Her yangında olduğu gibi sosyal medyada feryat ettik.

“Ormanlarımız yanıyor” dedik,

“Ciğerimiz yanıyor” dedik.

Haklıydık, gerçekten yanıyordu. Ama mesele sadece üzülmekle çözülmüyor. Çünkü doğa bir yaşam meselesidir.

Her yanan ağaçla birlikte bir iklim dengesi bozulur, her yok olan ormanla birlikte bir canlı türü daha sessizce gider bu dünyadan.

Orman yangınları sadece ağaçları değil, orada yaşayan binlerce canlıyı, köyleri, tarlaları ve hatta insan hayatını da tehdit ediyor. Yanan her ağaç, yok olan her orman parçası, geleceğimizden eksilen bir nefes anlamına geliyor.

Bu sadece bir çevre meselesi değil, aynı zamanda bir vicdan meselesi haline geldi.

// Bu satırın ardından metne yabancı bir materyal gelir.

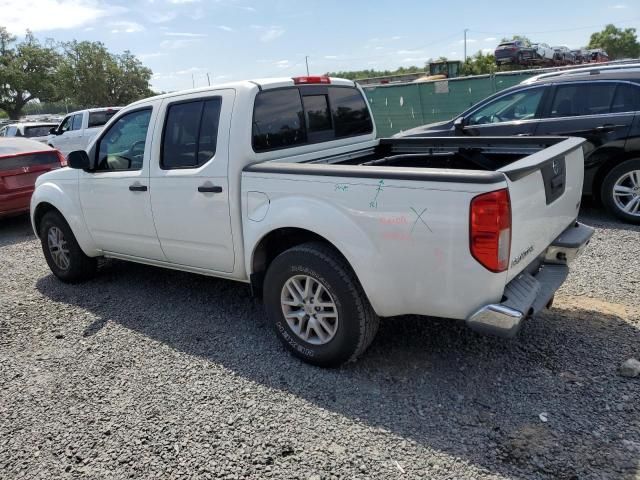 2014 Nissan Frontier S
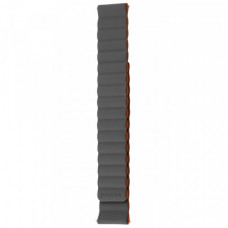 Ремінець Proove Silk Grip Band 20 mm gray/orange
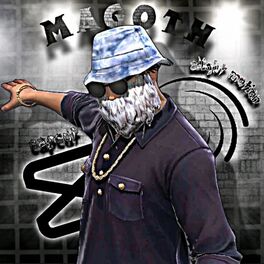 Album cover of Mega Do Jackson (feat. Mc Denny, Mc Gw & Mc KF)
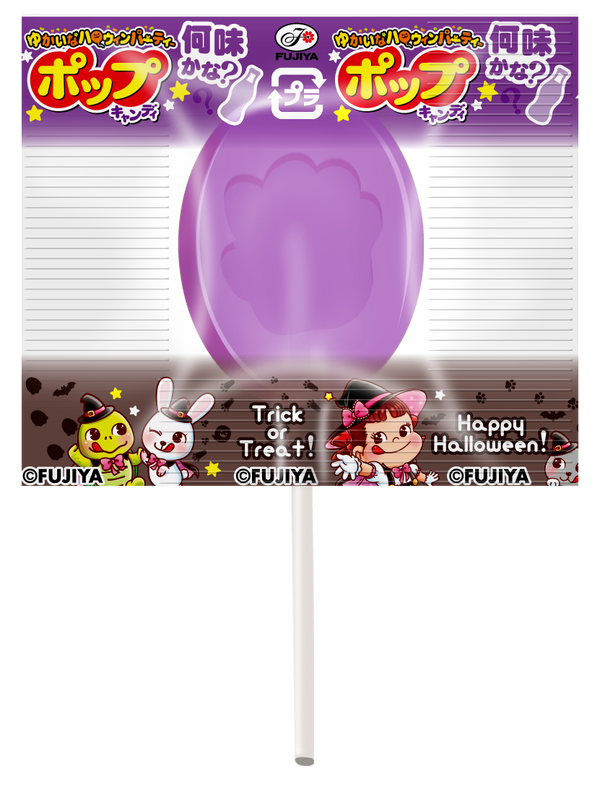 不二家のお菓子がハロウィンデザインに♪ カントリーマアム、ホームパイ、ミルキーのパッケージに仮装をしたペコちゃん＆サンリオキャラたちが！
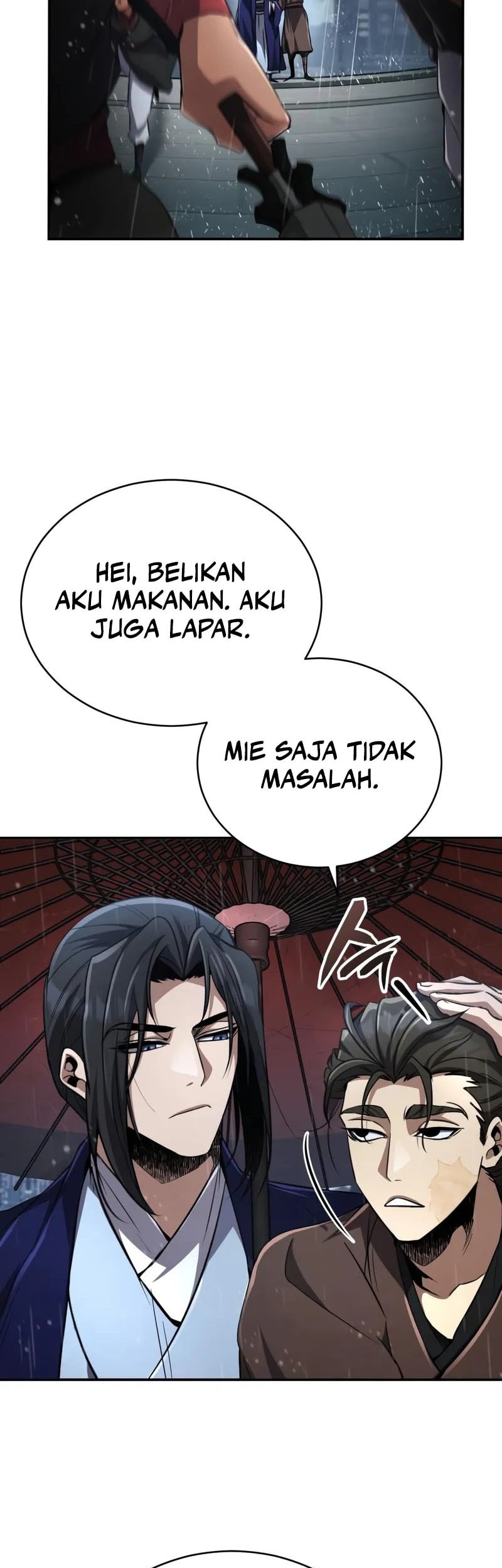 Reincarnation of the Fist King Chapter 13 - halaman 24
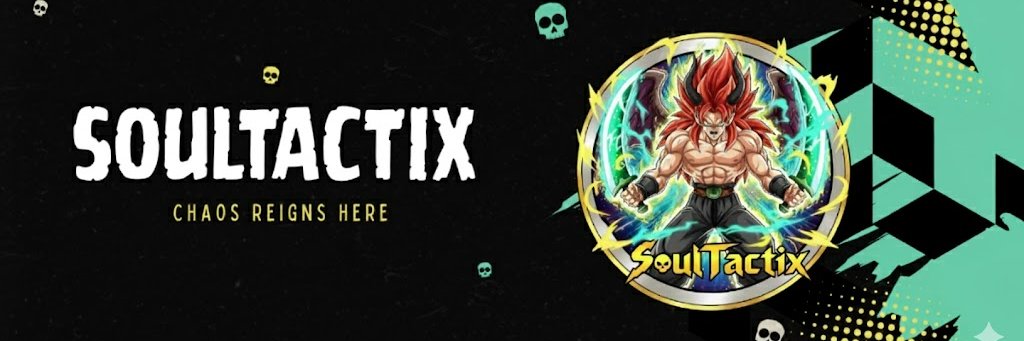 SoulTactix banner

Yangınların bazıları doğal nedenlerle çıksa da, büyük bir kısmı ihmalkârlık ve insan kaynaklı hatalar yüzünden meydana geliyor. Piknik alanlarında bırakılan cam şişeler, rastgele atılan izmaritler, bilinçsizce yapılan anız yakmaları, telafisi zor kayıplara neden oluyor.

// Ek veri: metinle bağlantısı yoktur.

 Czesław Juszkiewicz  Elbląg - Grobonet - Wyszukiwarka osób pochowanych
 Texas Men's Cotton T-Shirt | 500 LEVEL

Bu noktada hepimize büyük görev düşüyor:

Doğaya, ormana, ağaca saygı duymak, ona sahip çıkmak gibi.

İnsan eliyle çıkan yangınlara, insan aklıyla neden hâlâ çare bulunamaz?

Yetkililerin hızlı müdahalesi, yangın söndürme filolarının güçlendirilmesi ve gönüllü ekiplerin desteği büyük önem taşıyor. Sosyal medyada gördüğümüz dayanışma ve yardım çağrıları, halkımızın duyarlılığını da gösteriyor.

Yangın söndürme uçakları, erken uyarı sistemleri, bilinçlendirme kampanyaları neden hâlâ eksik kalır? Bu soruların yanıtını artık geç olmadan bulmalıyız.

Öte yandan, orman köylülerinin ve gönüllülerin gösterdiği çaba da göz ardı edilemez. Alevlerin ortasında canını hiçe sayan itfaiyeciler, jandarmalar, belediye personelleri, gönüllüler…

Onlar, bu ülkenin sessiz kahramanlarıdır.

Onlar olmasa daha büyük faciaları konuşuyor olurduk.

Şimdi sorumluluk zamanı!

Yetkililerin, belediyelerin, sivil toplum kuruluşlarının ve en önemlisi halkın yani hepimizin sorumluluğudur.

Bu topraklar bizim. Bu ormanlar, yalnızca birer ağaç topluluğu değil; suyumuzun kaynağı, havamızın filtresi, çocuklarımızın geleceğidir.

Unutmayalım: Bir ağacı dikmek yıllar sürer, ama bir kıvılcım onu dakikalar içinde yok edebilir. Yangınlar geçer, ağaçlar yeniden büyür.

Ama unutmayalım: Vicdanımızda oluşan yaralar kolay kolay kapanmaz. En önemlisi artık yas tutmak yerine tedbir almak zorundayız. Çünkü bu ülke yanarken, sadece doğa değil, insanlık da imtihan veriyor.

Bu yangınlar bize tekrar hatırlattı ki, doğa bizim evimizdir. Onu korumak, kollamak ve gelecek nesillere bırakmak hepimizin ortak sorumluluğudur. Ormanlar sadece ağaç değildir; suyumuzdur, havamızdır, yaşam kaynağımızdır.

Alevlerin ardından kalan küllerden yeniden yeşerecek umutlar olabilir. Yeter ki hep birlikte, bilinçli, duyarlı ve kararlı olalım.

Onun için alevlere karşı birlik olma zamanı!